Extracted material
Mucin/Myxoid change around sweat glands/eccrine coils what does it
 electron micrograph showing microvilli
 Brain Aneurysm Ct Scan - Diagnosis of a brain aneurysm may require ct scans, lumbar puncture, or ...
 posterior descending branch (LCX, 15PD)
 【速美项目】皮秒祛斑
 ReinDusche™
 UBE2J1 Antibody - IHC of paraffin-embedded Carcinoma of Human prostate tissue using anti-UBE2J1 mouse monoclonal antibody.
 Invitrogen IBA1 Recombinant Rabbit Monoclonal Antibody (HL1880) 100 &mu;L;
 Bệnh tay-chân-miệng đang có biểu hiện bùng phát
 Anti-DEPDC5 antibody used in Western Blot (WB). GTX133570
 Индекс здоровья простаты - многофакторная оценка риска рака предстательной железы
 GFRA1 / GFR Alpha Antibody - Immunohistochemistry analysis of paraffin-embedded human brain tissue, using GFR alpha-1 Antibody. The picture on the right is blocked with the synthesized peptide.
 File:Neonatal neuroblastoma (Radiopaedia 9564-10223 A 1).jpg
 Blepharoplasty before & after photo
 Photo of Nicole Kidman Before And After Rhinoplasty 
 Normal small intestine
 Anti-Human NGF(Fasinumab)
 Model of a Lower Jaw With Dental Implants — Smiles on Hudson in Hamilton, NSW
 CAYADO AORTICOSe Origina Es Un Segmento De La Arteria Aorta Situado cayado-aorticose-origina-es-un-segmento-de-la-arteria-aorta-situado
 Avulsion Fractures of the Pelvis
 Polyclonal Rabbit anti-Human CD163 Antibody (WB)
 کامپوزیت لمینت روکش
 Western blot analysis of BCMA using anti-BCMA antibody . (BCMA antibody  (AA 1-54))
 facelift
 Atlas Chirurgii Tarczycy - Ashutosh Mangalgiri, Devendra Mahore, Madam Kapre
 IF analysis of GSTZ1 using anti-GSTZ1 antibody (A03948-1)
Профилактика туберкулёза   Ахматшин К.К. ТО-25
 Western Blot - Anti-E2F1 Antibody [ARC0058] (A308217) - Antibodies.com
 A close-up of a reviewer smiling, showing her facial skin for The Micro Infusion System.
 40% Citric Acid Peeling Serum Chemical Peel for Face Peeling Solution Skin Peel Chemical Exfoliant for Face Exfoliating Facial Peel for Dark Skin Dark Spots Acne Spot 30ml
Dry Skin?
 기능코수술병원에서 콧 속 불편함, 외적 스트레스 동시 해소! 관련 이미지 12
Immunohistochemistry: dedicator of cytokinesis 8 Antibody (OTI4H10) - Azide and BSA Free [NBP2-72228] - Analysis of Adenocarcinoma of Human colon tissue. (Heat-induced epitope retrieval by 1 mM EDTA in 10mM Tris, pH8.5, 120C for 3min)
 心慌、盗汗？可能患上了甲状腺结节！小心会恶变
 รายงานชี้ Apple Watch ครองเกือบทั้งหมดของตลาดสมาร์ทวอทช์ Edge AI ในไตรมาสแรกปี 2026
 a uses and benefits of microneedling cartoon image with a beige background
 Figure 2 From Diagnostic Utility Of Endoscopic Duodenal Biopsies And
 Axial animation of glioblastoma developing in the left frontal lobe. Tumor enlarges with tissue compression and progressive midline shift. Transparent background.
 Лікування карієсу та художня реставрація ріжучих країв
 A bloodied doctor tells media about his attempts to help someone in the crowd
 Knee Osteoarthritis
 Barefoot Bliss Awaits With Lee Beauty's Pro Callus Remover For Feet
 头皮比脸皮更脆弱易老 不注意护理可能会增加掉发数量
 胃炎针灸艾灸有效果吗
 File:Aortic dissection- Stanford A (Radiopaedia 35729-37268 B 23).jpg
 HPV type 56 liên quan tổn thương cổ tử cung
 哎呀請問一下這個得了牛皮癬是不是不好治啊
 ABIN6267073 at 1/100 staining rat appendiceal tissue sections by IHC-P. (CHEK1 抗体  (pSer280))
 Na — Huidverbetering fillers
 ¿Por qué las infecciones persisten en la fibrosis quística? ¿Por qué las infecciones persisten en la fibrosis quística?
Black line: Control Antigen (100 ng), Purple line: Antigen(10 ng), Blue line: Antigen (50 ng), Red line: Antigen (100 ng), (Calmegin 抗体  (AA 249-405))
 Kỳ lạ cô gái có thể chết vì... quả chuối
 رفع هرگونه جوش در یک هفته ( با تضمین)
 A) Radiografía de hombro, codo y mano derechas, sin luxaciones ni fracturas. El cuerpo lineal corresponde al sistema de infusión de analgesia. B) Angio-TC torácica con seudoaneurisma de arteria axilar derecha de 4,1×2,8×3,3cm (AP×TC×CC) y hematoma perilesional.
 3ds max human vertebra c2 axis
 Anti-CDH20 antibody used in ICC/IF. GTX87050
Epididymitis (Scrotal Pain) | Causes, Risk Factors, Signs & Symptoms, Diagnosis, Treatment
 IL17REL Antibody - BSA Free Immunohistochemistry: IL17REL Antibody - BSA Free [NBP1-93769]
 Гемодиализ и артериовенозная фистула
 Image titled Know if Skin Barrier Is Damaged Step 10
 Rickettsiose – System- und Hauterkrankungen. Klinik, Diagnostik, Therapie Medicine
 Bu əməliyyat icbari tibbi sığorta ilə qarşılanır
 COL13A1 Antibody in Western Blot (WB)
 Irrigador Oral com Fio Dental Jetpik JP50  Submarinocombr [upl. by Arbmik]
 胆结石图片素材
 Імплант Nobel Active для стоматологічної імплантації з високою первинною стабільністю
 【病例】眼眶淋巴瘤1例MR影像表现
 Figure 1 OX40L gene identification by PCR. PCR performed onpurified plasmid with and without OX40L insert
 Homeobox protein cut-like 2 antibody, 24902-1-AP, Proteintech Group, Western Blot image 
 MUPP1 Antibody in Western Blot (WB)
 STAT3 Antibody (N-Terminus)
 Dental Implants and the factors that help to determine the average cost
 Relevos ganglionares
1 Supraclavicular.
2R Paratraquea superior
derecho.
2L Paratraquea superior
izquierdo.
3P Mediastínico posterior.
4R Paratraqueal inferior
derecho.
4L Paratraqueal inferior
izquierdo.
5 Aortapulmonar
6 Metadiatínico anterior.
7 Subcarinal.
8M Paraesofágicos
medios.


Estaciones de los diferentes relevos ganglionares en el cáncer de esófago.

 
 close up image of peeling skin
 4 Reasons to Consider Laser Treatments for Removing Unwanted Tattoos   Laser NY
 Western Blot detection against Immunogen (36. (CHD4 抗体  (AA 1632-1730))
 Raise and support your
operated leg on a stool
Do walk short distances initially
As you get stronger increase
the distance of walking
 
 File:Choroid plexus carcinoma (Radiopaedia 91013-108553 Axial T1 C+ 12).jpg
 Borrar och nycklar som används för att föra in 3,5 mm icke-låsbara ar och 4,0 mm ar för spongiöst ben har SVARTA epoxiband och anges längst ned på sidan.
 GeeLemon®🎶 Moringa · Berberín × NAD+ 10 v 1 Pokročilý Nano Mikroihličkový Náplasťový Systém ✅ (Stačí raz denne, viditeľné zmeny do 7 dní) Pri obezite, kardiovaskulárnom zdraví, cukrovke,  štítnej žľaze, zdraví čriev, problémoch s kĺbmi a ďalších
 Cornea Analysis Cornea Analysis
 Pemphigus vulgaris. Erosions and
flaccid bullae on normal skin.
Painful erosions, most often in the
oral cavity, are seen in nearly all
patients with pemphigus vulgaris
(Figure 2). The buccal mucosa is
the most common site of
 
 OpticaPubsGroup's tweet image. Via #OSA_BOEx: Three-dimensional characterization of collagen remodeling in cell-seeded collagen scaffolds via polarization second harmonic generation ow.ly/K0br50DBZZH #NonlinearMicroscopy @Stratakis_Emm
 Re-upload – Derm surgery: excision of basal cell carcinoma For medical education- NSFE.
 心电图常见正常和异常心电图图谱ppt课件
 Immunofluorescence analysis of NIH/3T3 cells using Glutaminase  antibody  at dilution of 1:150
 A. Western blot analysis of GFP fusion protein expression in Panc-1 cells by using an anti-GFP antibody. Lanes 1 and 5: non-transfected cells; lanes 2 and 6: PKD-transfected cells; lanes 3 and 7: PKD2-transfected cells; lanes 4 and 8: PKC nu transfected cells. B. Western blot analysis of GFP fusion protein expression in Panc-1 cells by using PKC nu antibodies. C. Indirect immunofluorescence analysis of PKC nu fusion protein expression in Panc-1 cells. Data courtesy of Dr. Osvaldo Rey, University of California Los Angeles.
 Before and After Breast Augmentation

Exercise prompt
Starting with the first line of the listing, output each line exactly until you have included the one containing "Blepharoplasty before & after photo".

Worked solution
Mucin/Myxoid change around sweat glands/eccrine coils what does it
 electron micrograph showing microvilli
 Brain Aneurysm Ct Scan - Diagnosis of a brain aneurysm may require ct scans, lumbar puncture, or ...
 posterior descending branch (LCX, 15PD)
 【速美项目】皮秒祛斑
 ReinDusche™
 UBE2J1 Antibody - IHC of paraffin-embedded Carcinoma of Human prostate tissue using anti-UBE2J1 mouse monoclonal antibody.
 Invitrogen IBA1 Recombinant Rabbit Monoclonal Antibody (HL1880) 100 &mu;L;
 Bệnh tay-chân-miệng đang có biểu hiện bùng phát
 Anti-DEPDC5 antibody used in Western Blot (WB). GTX133570
 Индекс здоровья простаты - многофакторная оценка риска рака предстательной железы
 GFRA1 / GFR Alpha Antibody - Immunohistochemistry analysis of paraffin-embedded human brain tissue, using GFR alpha-1 Antibody. The picture on the right is blocked with the synthesized peptide.
 File:Neonatal neuroblastoma (Radiopaedia 9564-10223 A 1).jpg
 Blepharoplasty before & after photo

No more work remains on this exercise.